Return each line of the records with nothing changed, pictures excepted.

○ ○ ○ ○

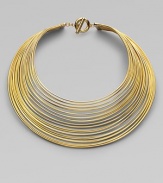 Totally simple and totally fabulous, this striking collar is gracefully formed of delicate brass wires with a polished finish.BrassLength, about 16Drop, about 8Toggle closeImported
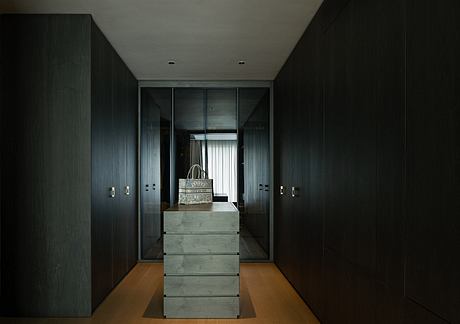 Sleek, minimalist interior with dark wooden built-in cabinets, drawers, and a light-colored floor.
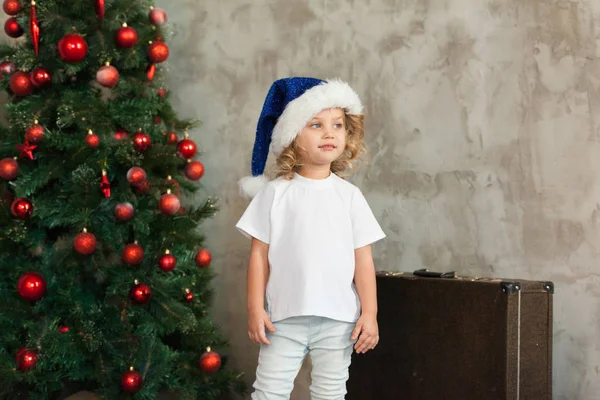 Jolie petite fille dans un T-shirt blanc est debout près du sapin de Noël. Maquette . — Photo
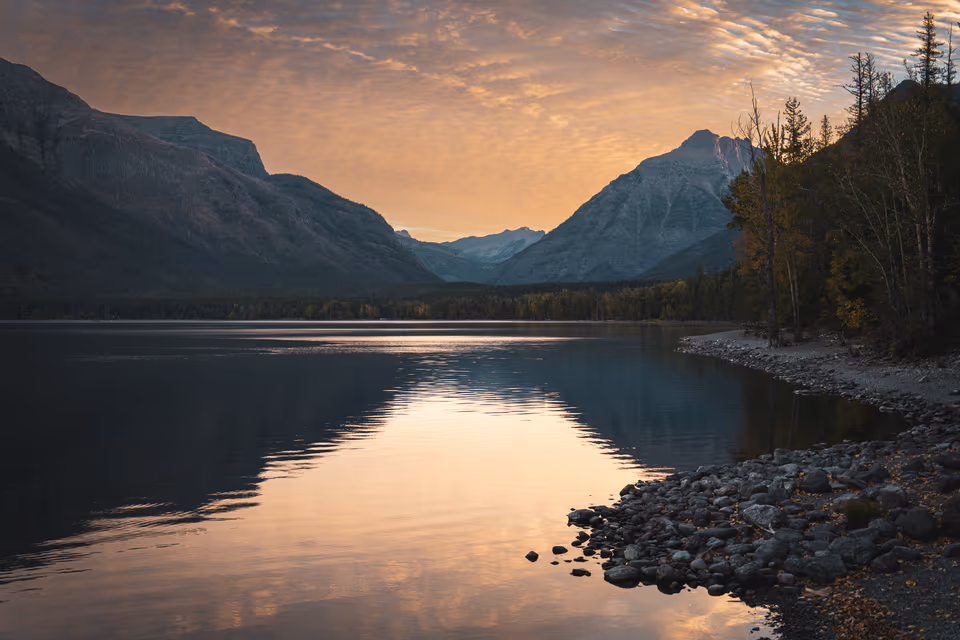 A mountain lake in Glacier National Park reflecting a warm clouded sky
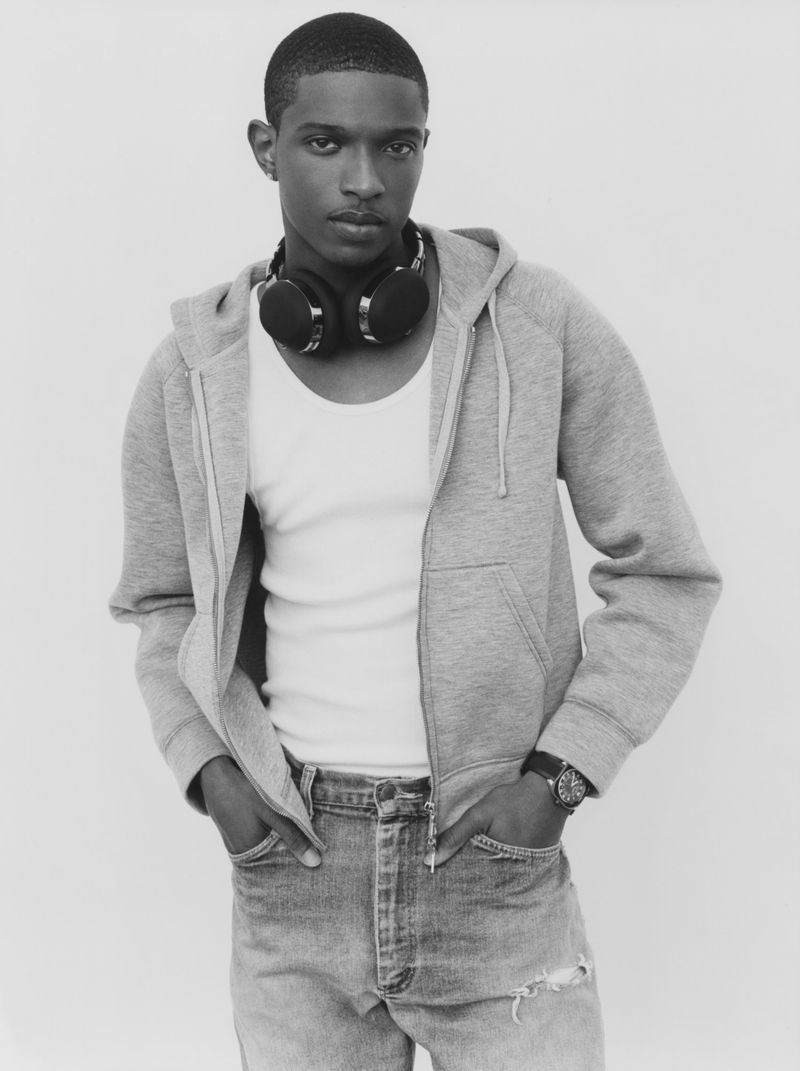 Model Malik Anderson wearing a grey zip-up hoodie, white tank top, and over-ear headphones around his neck against a studio backdrop.
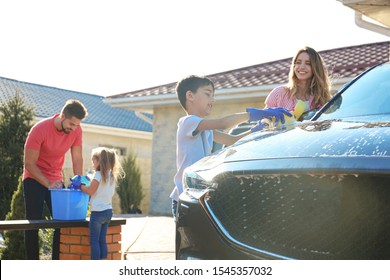 Happy family washing car at backyard on sunny day - Powered by Shutterstock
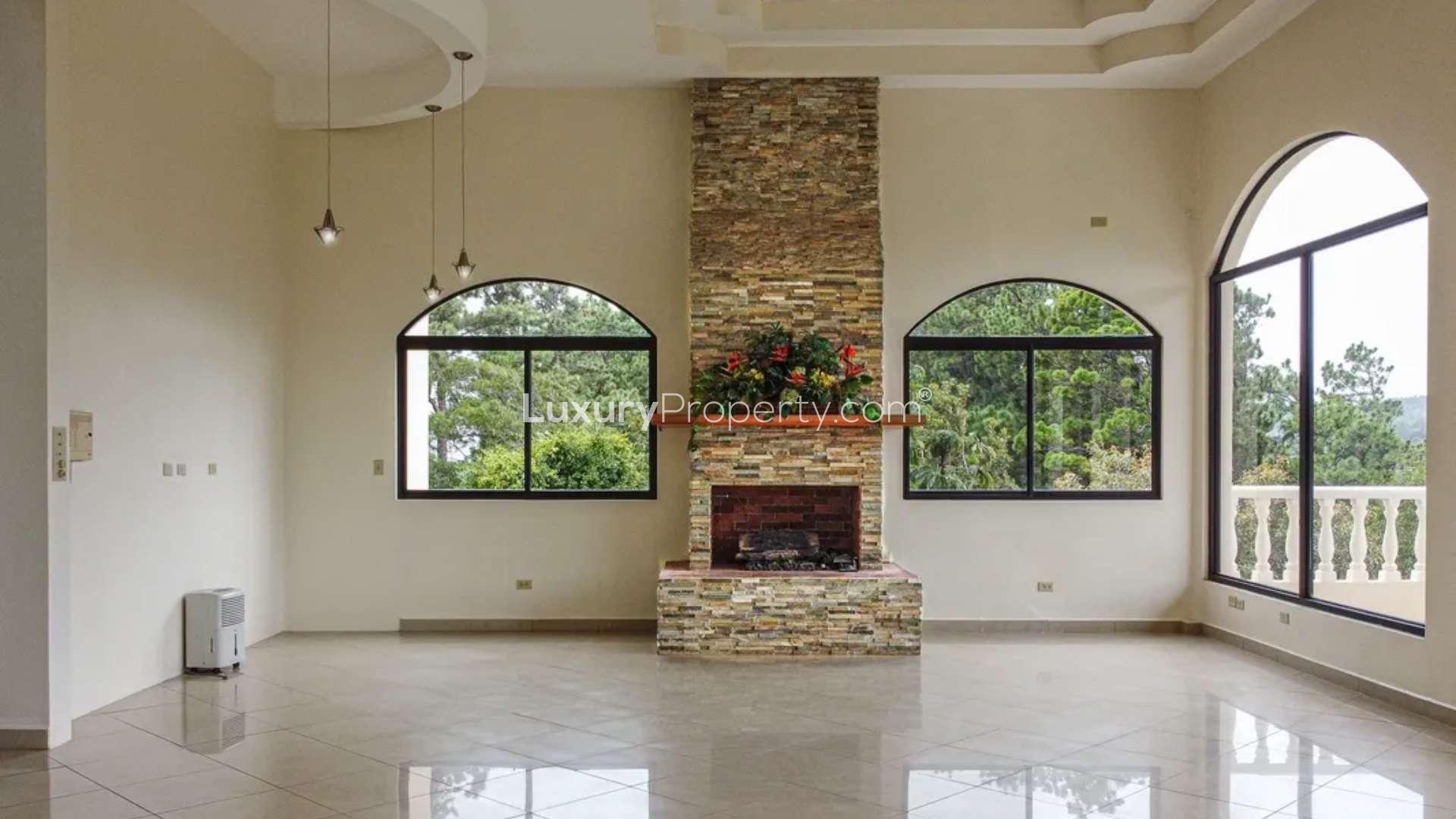 Spacious living room with large windows and fireplace in Jaramillo Mansion, Boquete, Panama
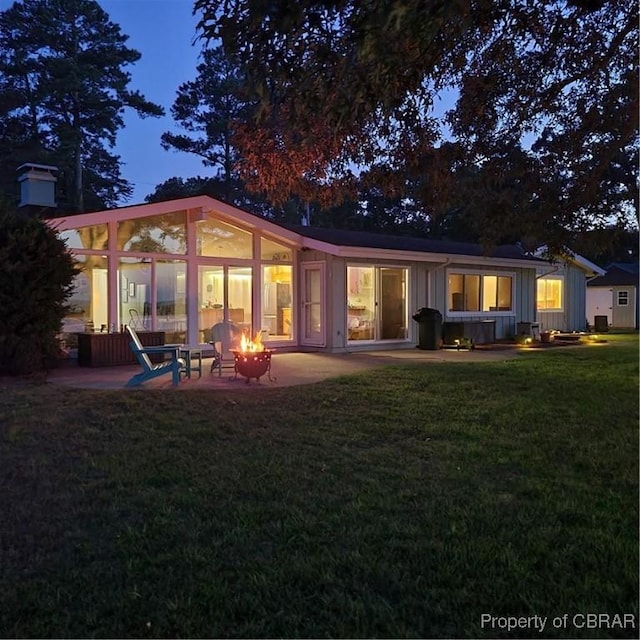 1583 Winona Park Dr, West Point, VA 23181 - back of house at dusk featuring a fire pit, board and batten siding, a yard, and a patio area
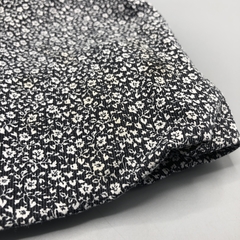 Imagen de Segunda Selección - Vestido Cheeky Talle L (9-12 meses) gabardina negro mini florcitas blancas lazo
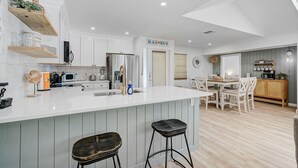 Een moderne keuken met witte kasten, een centraal eiland met krukken, een eethoek met tafel en stoelen, en een bordje met de tekst 'BEACH HOUSE'.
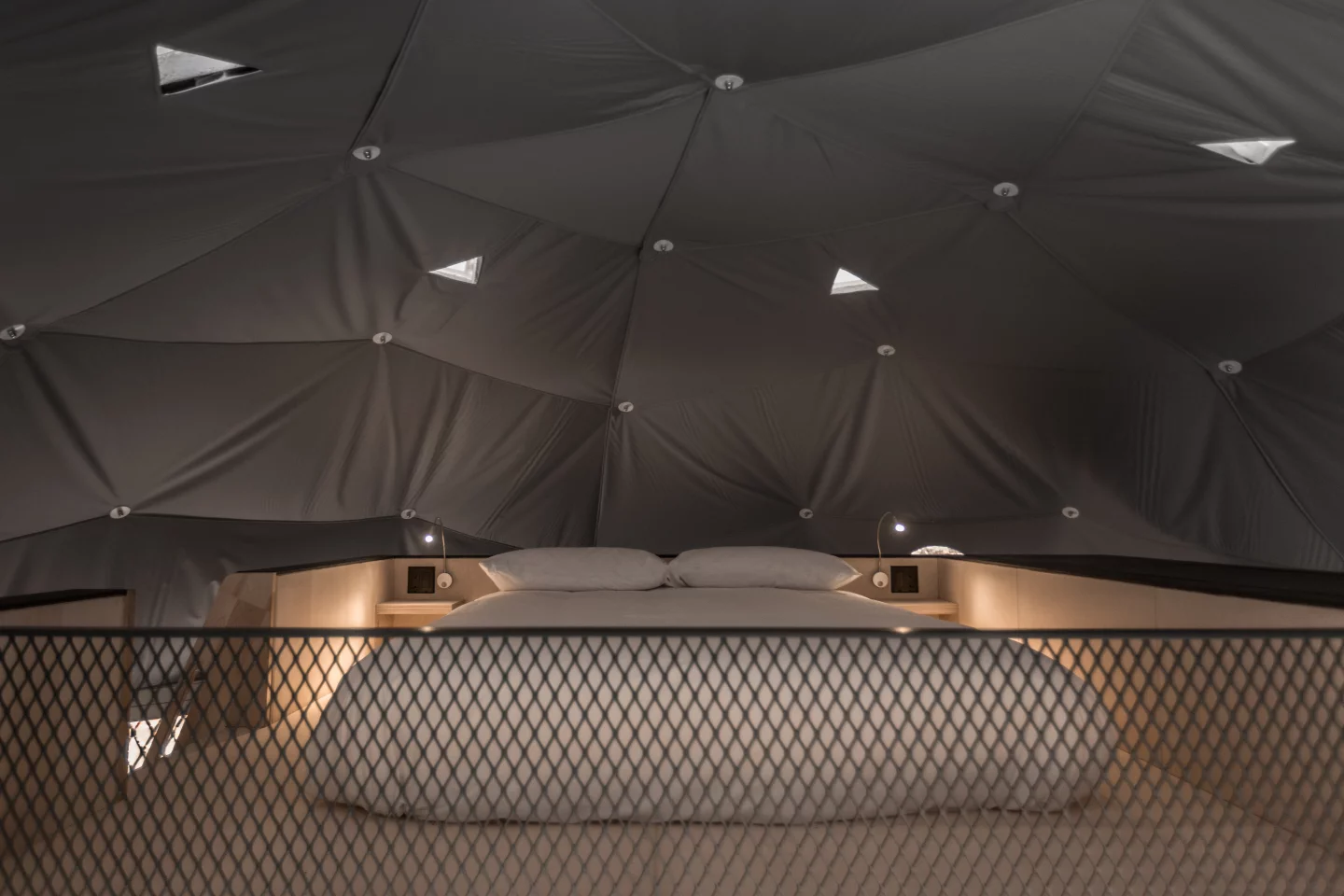 The elevated second sleeping quarters with full queen size bed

○ ○ ○ ○

◆ ANSWER TO THIS PROBLEM ◆
 Totally simple and totally fabulous, this striking collar is gracefully formed of delicate brass wires with a polished finish.BrassLength, about 16Drop, about 8Toggle closeImported
 Sleek, minimalist interior with dark wooden built-in cabinets, drawers, and a light-colored floor.
 Jolie petite fille dans un T-shirt blanc est debout près du sapin de Noël. Maquette . — Photo
 A mountain lake in Glacier National Park reflecting a warm clouded sky
 Model Malik Anderson wearing a grey zip-up hoodie, white tank top, and over-ear headphones around his neck against a studio backdrop.
 Happy family washing car at backyard on sunny day - Powered by Shutterstock
 Spacious living room with large windows and fireplace in Jaramillo Mansion, Boquete, Panama
 1583 Winona Park Dr, West Point, VA 23181 - back of house at dusk featuring a fire pit, board and batten siding, a yard, and a patio area
 Imagen de Segunda Selección - Vestido Cheeky Talle L (9-12 meses) gabardina negro mini florcitas blancas lazo
 Een moderne keuken met witte kasten, een centraal eiland met krukken, een eethoek met tafel en stoelen, en een bordje met de tekst 'BEACH HOUSE'.
 The elevated second sleeping quarters with full queen size bed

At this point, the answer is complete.